Note sur La Fortune des Rougon, d’Émile Zola, premier ouvrage du cycle des Rougon-Macquart, publié en 1871


Ouvrir ce livre avec l’intention de commencer l’histoire. Pas seulement l’histoire que raconterait ce livre, mais celle en surplomb par laquelle commencerait, définitivement, la plupart des autres histoires que raconterait le siècle ; la famille comme éclat de réel de la foule, une race entière choisie par l’écriture et dès lors condamnée ; la ville comme géographie possible du monde. Le moteur de l’histoire : l’appetit, la marche des volontés, la mesure que scande l’écriture à la hauteur de cet en-avant ; la description comme production d’images tissées en narration. Et dans un tel livre, le projet qu’il porte après lui, c’est une histoire plus grande que celle qu’il va raconter.

« Cette œuvre, qui formera plusieurs épisodes, est donc, dans ma pensée, l’histoire naturelle et sociale d’une famille sous le Second Empire. Et le premier épisode : La Fortune des Rougon, doit s’appeler de son titre scientifique : Les Origines. »

Zola, on le lit habituellement dans le désordre, on prend le fleuve et on s’y baigne à un endroit donné, au point d’impact choisi. On prélève deux ou trois chef d’oeuvres et rapidement on conclut, impressionné ou consterné, au scientisme un peu béat, au positivisme politique et littéraire dans ce qu’il a de moins dangereux. Au juste : la dépouille est en bonne place au Panthéon, elle a su faire autour d’elle l’unanimité des grands hommes ; raison de plus pour conclure à l’inoffensif depuis le consensus. Pourtant.

Qu’on se décide à l’entreprendre depuis le premier élan, cette La Fortune des Rougonencore imparfaite, si empesée de théorie et de grandes idées, et elle emporte cependant la lecture avec la force de son débit, sa vitesse de précipitation, ses moments de remous (et de ralentissement). On est plus qu’à l’origine, mais à la source — du plus haut que le lit du fleuve est dressé, on ne fera dès lors que tomber. Et ce qu’on apprend de la chute, la matière accumulée comme de la boue, mêlée, et plus lourde encore d’être tombée si vite, vaut bien plus que ce qu’on essaie de nous faire croire dans les salles de classe.

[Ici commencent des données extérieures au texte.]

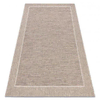 eoshop Preproga SISAL BOHO 46213051 bež ( - Velikost: 120x170 cm)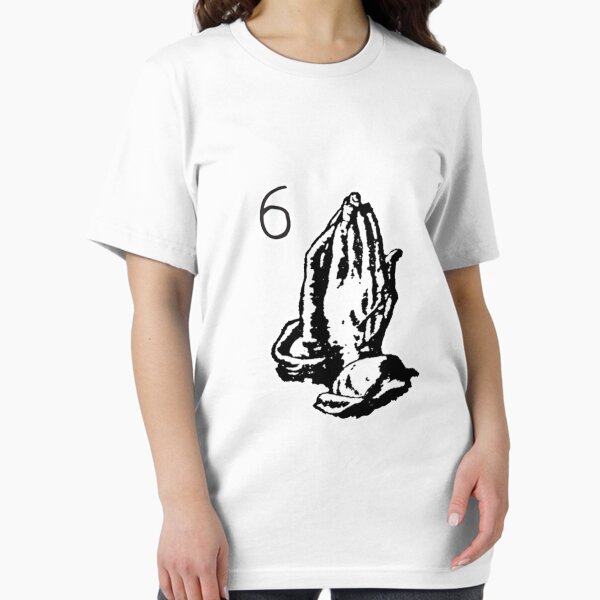 Vista previa del artículo con la obra «6IX DIOS», diseñado y vendido por Mirzamoji.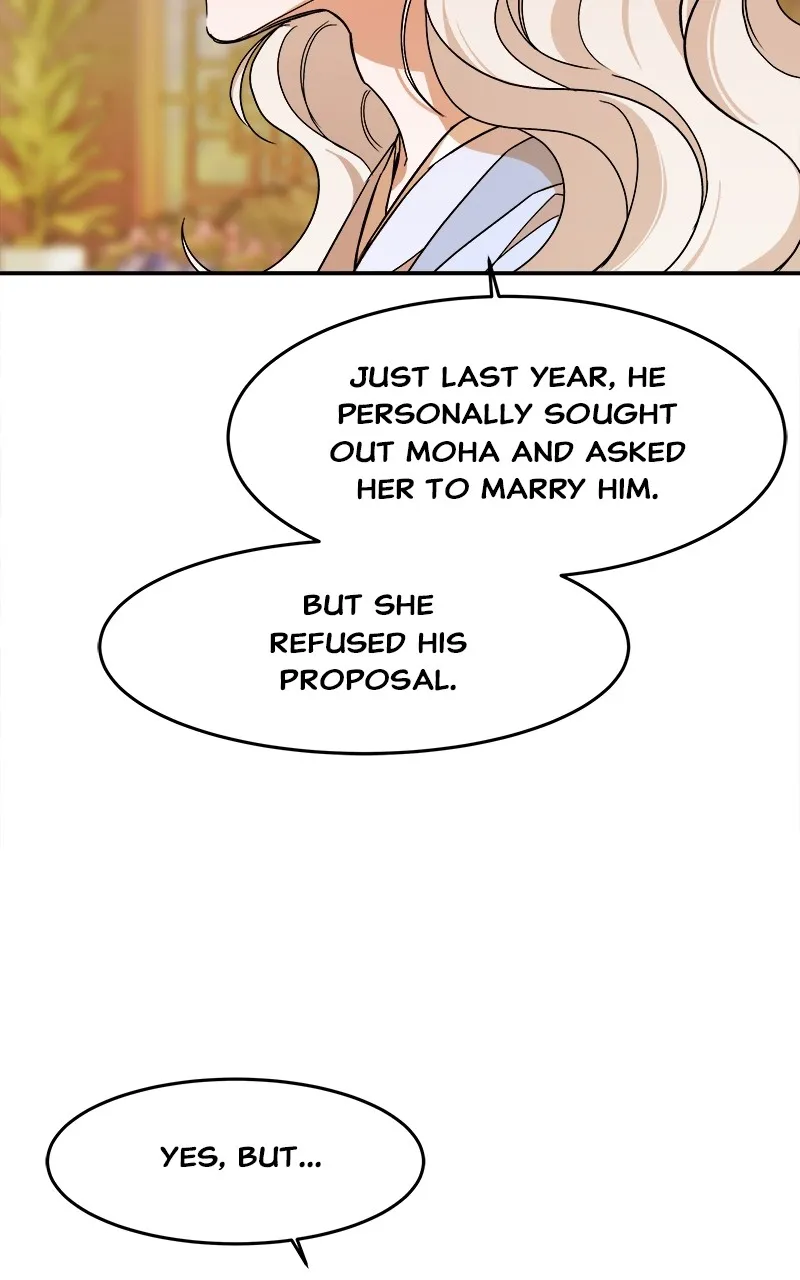 Read How a Goddess Wins Over Tigers chapter 15 image 32 on Lezhin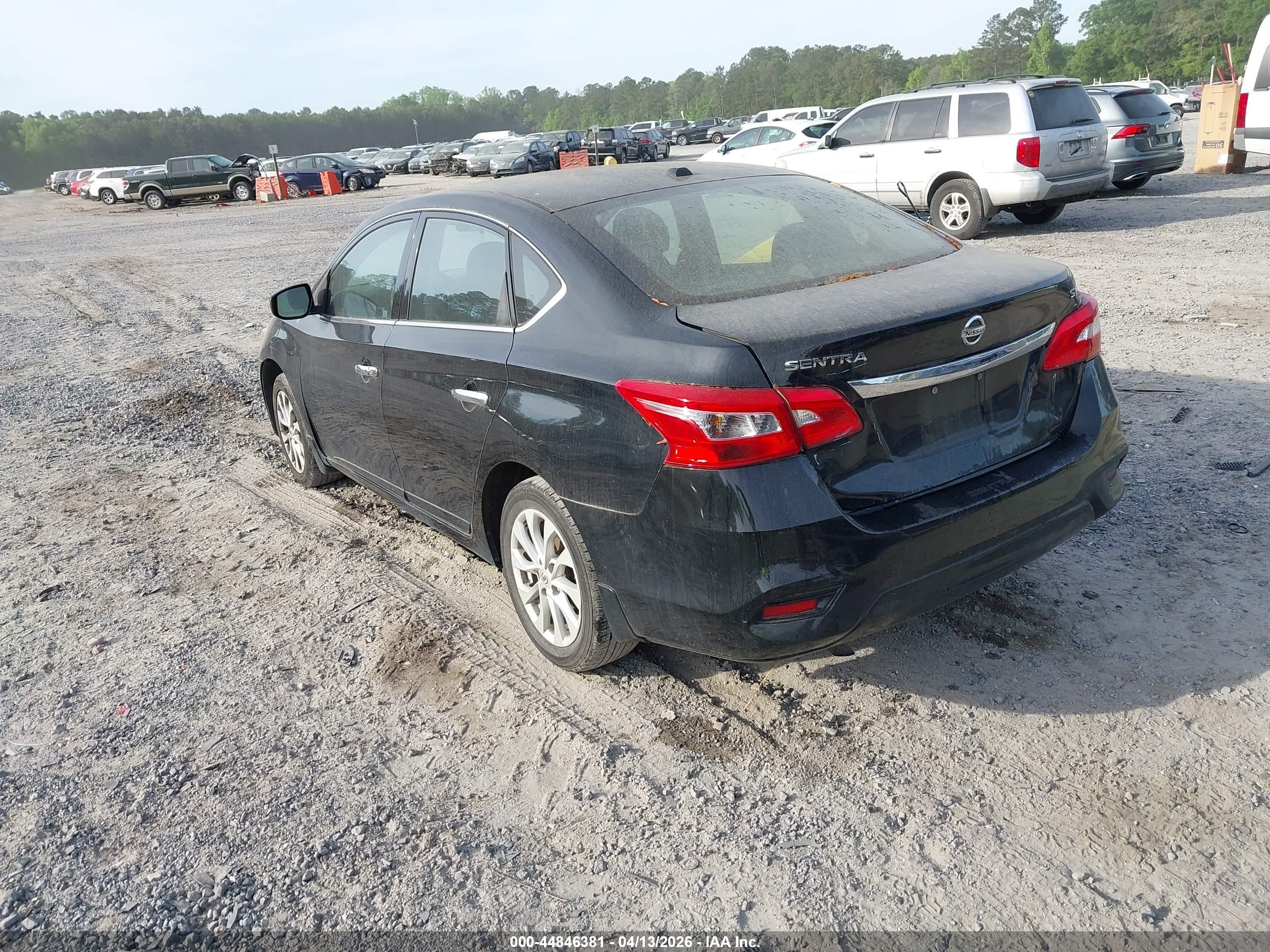 NISSAN SENTRA image 3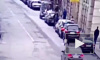 Видео: на Казанской автомобиль сбил женщину, она истекала кровью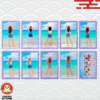 Photocard Twice Summer Nights POB Ver. C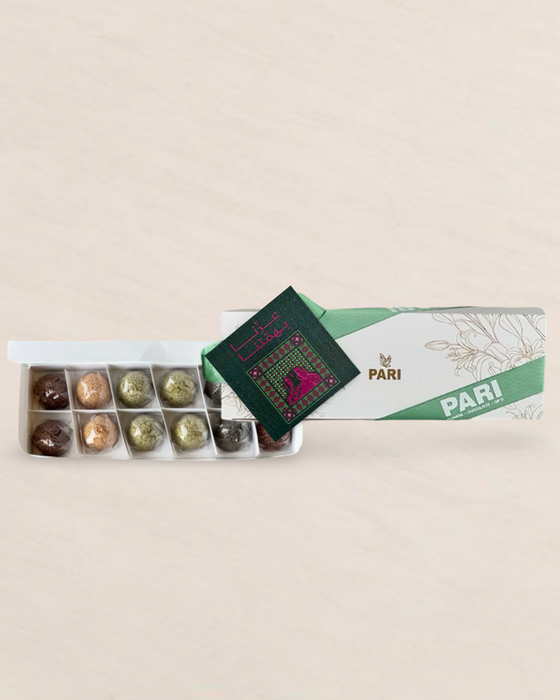 Saudi Medium Box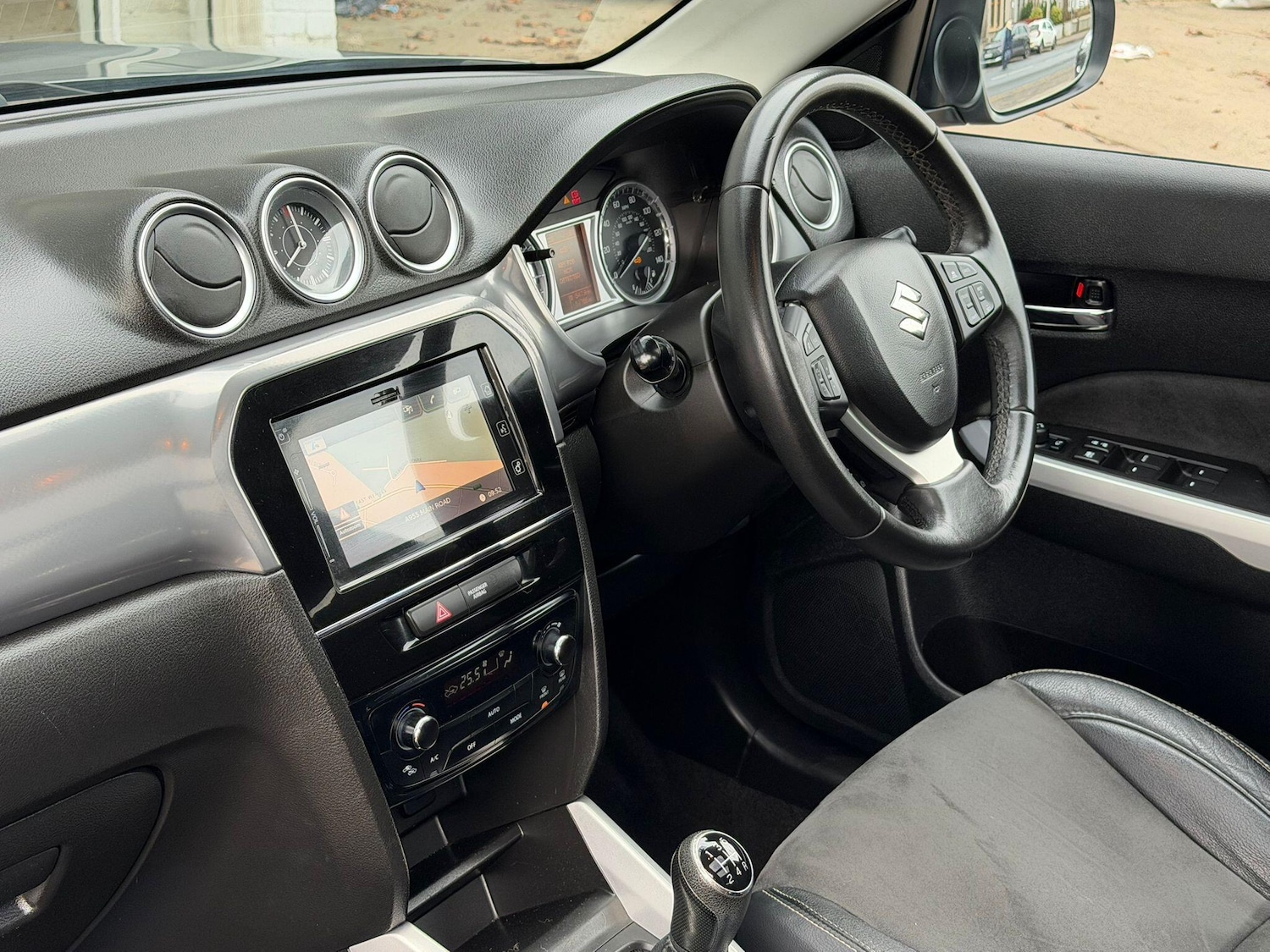 Used Suzuki Vitara for sale - 77753178: Photo 7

« Lorsqu’on sort de Plassans par la porte de Rome, située au sud de la ville, on trouve, à droite de la route de Nice, après avoir dépassé les premières maisons du faubourg, un terrain vague désigné dans le pays sous le nom d’aire Saint-Mittre. »

L’intuition que Zola ne croyait pas vraiment à son projet, on l’a cruellement en lisant L’Œuvre ; et celle qu’il écrivait contre lui, dans le souci de la phrase (et dans celui constant de bâtir pour chaque livre une phrase, une syntaxe neuve), on la perçoit dans L’Argent, ces pages entières où l’argot financier construisait le poème opaque d’un envers de la langue traversé. Ce qu’il faudrait, c’est lire Zola non pas en fonction du schéma scientifique, mais depuis la prise radicale qu’il opère sur le réel : et comment la description du type précède sa déviation vers l’intime ; comment la phrase elle-même ignore ce qui la produit, ce qu’elle découvre pas à pas.

Ce printemps, j’ai entrepris la traversée Balzac (par les premiers récits, contes et nouvelles : chantier là aussi ouvert, et on y reviendra) ; cet été, en parallèle, Zola : branchement de part et d’autre, à flux continu. Et ce qu’on poursuit, c’est la généalogie de l’histoire, ce par quoi elle commence et s’engendre.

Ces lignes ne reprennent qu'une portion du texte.